Towards model-based design of biofuel value chains

Bio-based liquid energy carriers have attracted great interest in research and industry due to their high energy densities and similarity to fossil fuels in terms of combustion, storage and distribution. Furthermore, they are aimed to reduce atmospheric carbon dioxide accumulation and the dependence on depleting fossil resources. Thinking beyond first and second generation biofuels, the tailoring of novel fuel structures obtained either from syngas (CO/H2) or from direct refunctionalization of monomers derived from biomass offers the opportunity to design fuels which exhibit optimal properties with respect to application and production. Facing the challenge of computer-aided identification of such advanced biofuels manufactured in efficient processes, the present contribution reviews the model-based product and process design approaches in chemical engineering and shows how these methodologies can be adapted, integrated and extended towards the design of entire value chains for novel biofuels.

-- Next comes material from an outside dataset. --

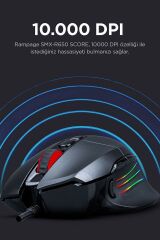 Tsrmx SCORE Usb Siyah 10000 Dpi RGB Gaming Oyuncu Mouse Star Collection 997516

► The success of biofuels not only depends on combustion performance but also on the sustainability of the complete value chain. ► Gasification and direct refunctionalization allow the synthesis of tailored biofuels. ► An integrated design of the entire value chain is required to obtain overall optimal solutions. ► The design of biofuel value chains can rely on existing design methodologies for individual tasks. ► Product and process design need to be integrated towards the design of sustainable value chains.